Source material:
##############################

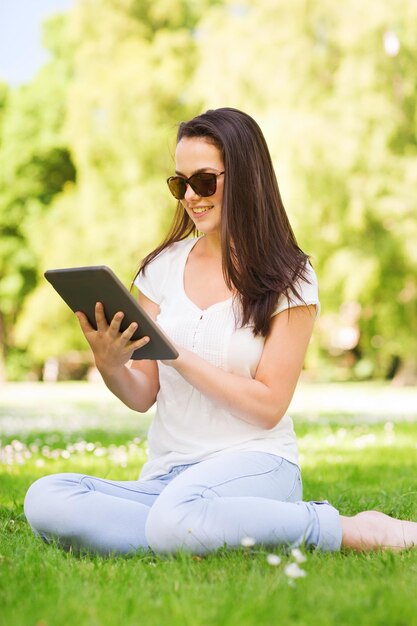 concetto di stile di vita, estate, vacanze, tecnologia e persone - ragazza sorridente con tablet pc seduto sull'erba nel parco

##############################

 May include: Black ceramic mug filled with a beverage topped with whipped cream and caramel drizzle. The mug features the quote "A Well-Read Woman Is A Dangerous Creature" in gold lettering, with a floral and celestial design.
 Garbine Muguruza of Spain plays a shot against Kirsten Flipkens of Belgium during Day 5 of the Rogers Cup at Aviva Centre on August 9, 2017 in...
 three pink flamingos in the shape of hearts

##############################

Exercise objective:
Extract from the records above the lines from the one containing "May include: Black" to the one containing "Garbine Muguruza of", both lines included, exactly as they appear and with nothing else.

Answer area:
 May include: Black ceramic mug filled with a beverage topped with whipped cream and caramel drizzle. The mug features the quote "A Well-Read Woman Is A Dangerous Creature" in gold lettering, with a floral and celestial design.
 Garbine Muguruza of Spain plays a shot against Kirsten Flipkens of Belgium during Day 5 of the Rogers Cup at Aviva Centre on August 9, 2017 in...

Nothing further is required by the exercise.